## Exercise instructions
Retype exactly what runs from the first line of the data to the line with "So that's how", keeping both of those lines and skipping pictures.

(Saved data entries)
□ □ □ □ □
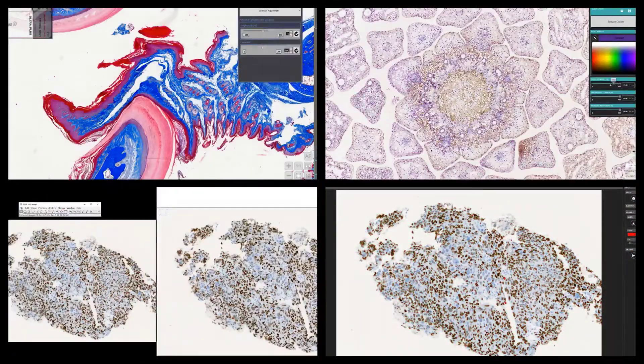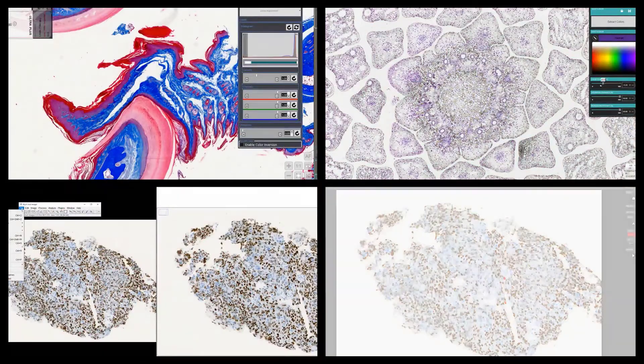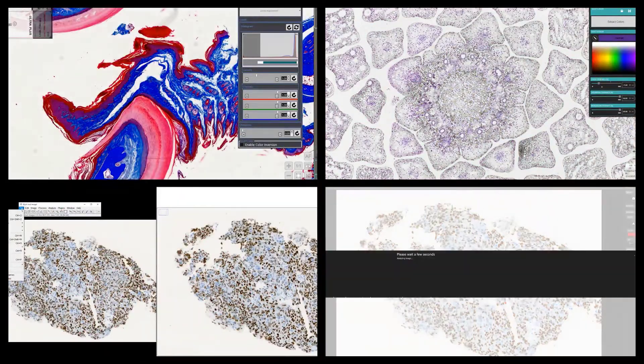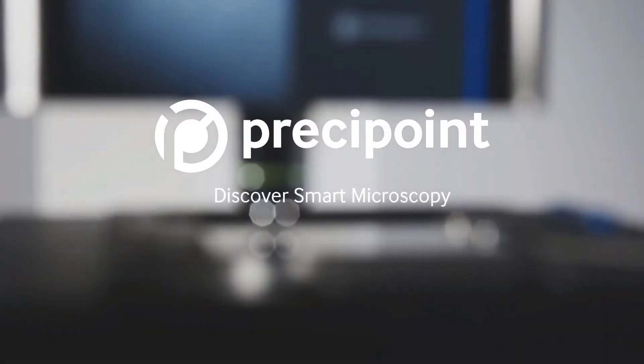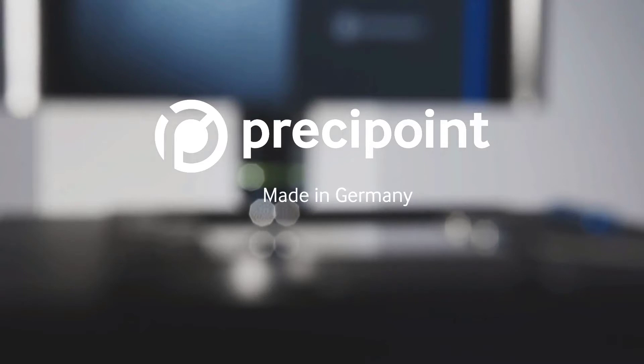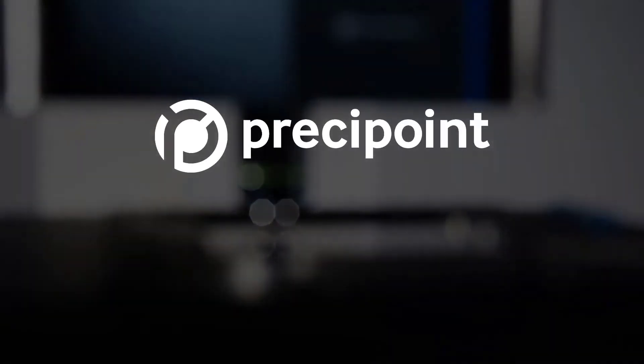This is the M8, a truly smart microscope. PressiPoint. Discover smart microscopy.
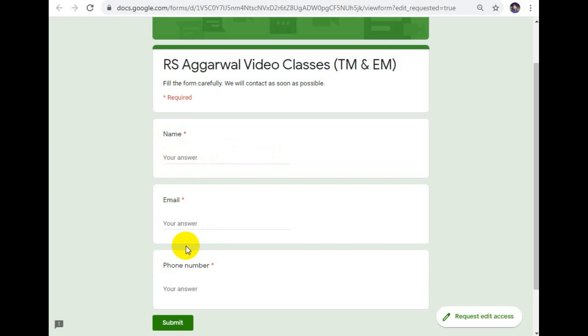If you have your name, email, and phone number, fill in the contact details and submit the form. Thanks for watching, thank you, and all the best for your exam.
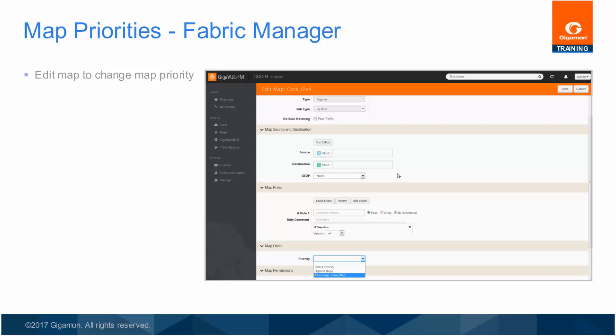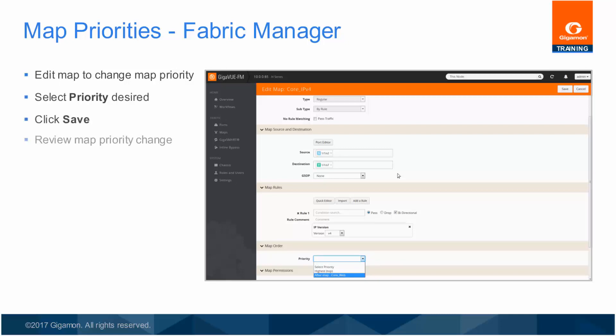Using the Fabric Manager web interface is just as simple to change map priorities. After selecting the map to be edited, Core IPv4, select the priority desired from the Priority drop-down menu.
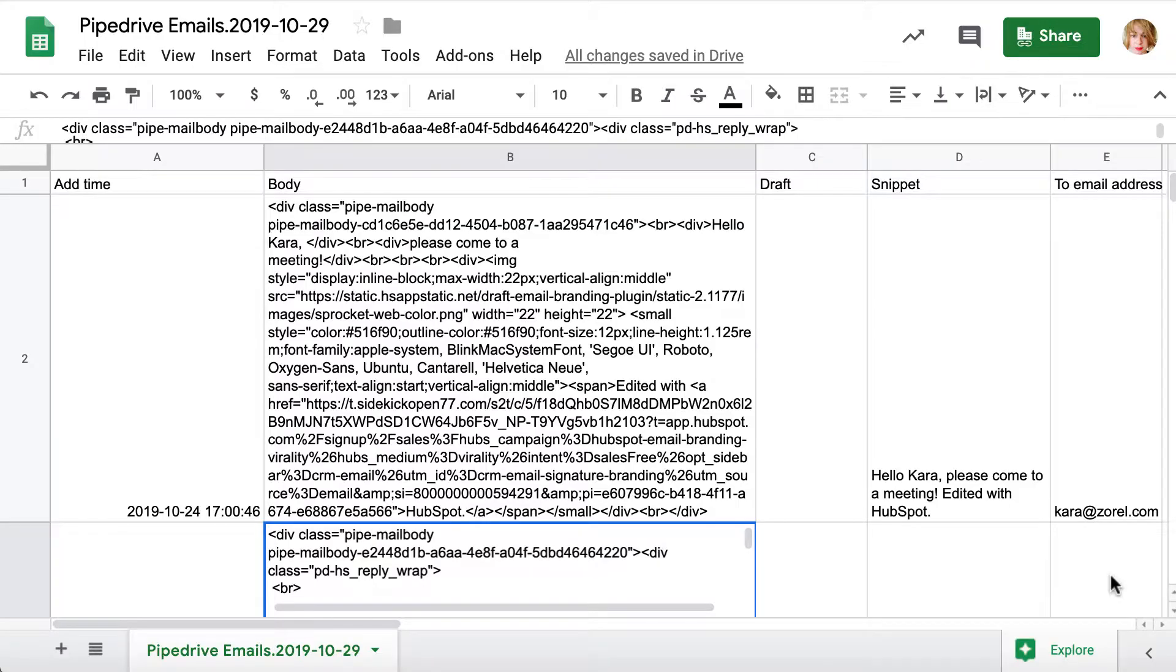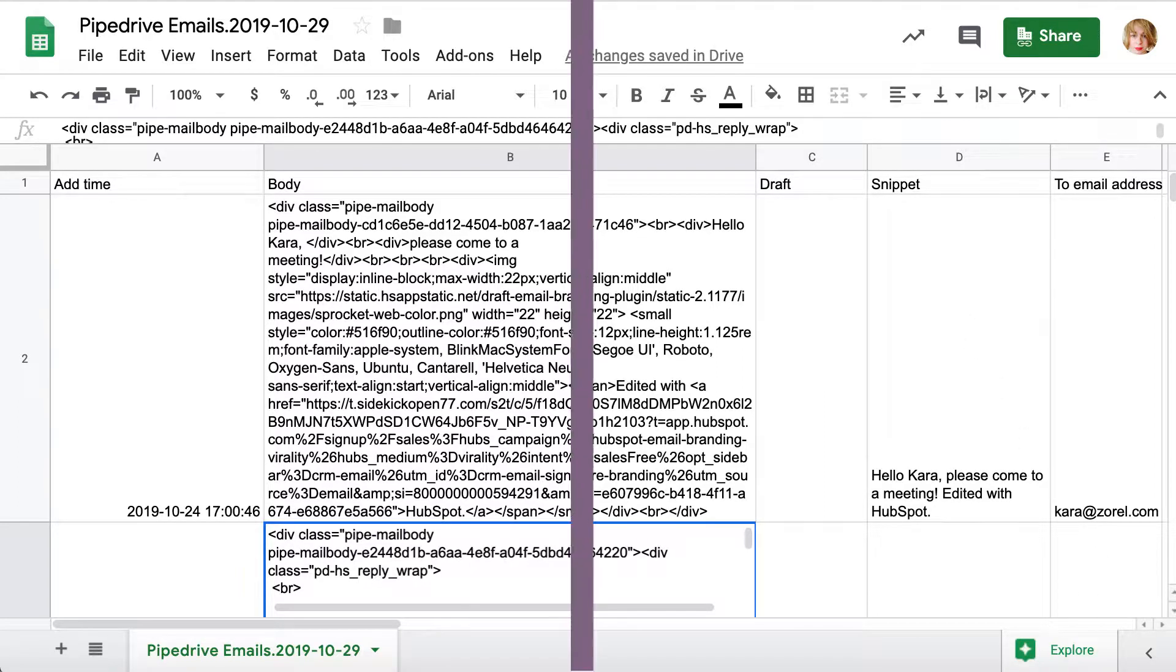And here you go! The file with business data you needed is downloaded to your computer. As simple as that.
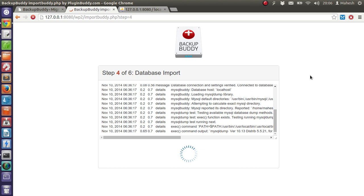It will take time based on your database size. You have a decent size and it shouldn't take much time.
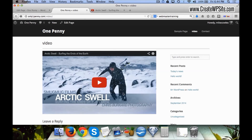So that's how easy it is to add a video, and it works the exact same way whether it's a post or a page.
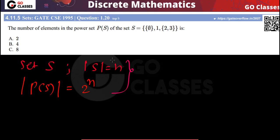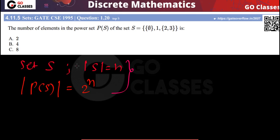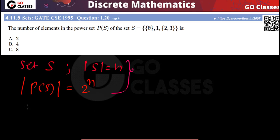The idea is that in set S you have total n elements. When you are creating a subset, for every element of S we have two choices: either you can take that element or you cannot take that element. That's the reason the number of subsets of S will be 2 power n. And the power set is basically the set of all subsets of S.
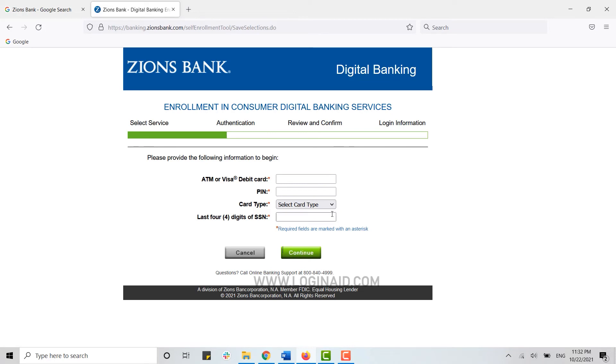After this, you will be moved forward to review and confirmation. Here the verification process will take place. Once the verification is completed, you will be directed to the login information. Here you will be provided with your login credentials, that is your user ID and password.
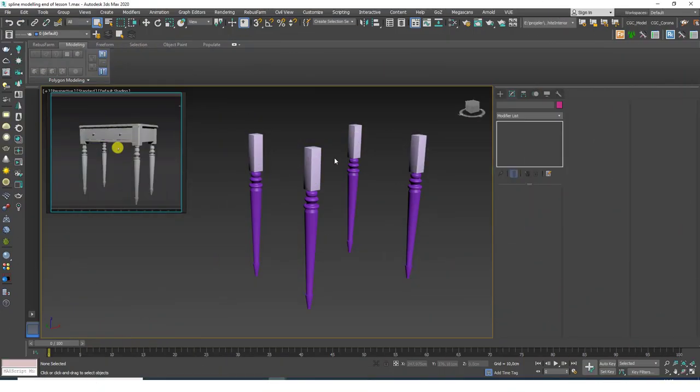Hello friends, this is Gokce from CGCave.com. Welcome to a new 3ds Max tutorial. In this lesson we are going to continue our example or exercise on spline modeling.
□ □ □ □ □
## Solution to the problem
This is the M8, a truly smart microscope. PressiPoint. Discover smart microscopy.
If you have your name, email, and phone number, fill in the contact details and submit the form. Thanks for watching, thank you, and all the best for your exam.
Using the Fabric Manager web interface is just as simple to change map priorities. After selecting the map to be edited, Core IPv4, select the priority desired from the Priority drop-down menu.
And here you go! The file with business data you needed is downloaded to your computer. As simple as that.
It will take time based on your database size. You have a decent size and it shouldn't take much time.
So that's how easy it is to add a video, and it works the exact same way whether it's a post or a page.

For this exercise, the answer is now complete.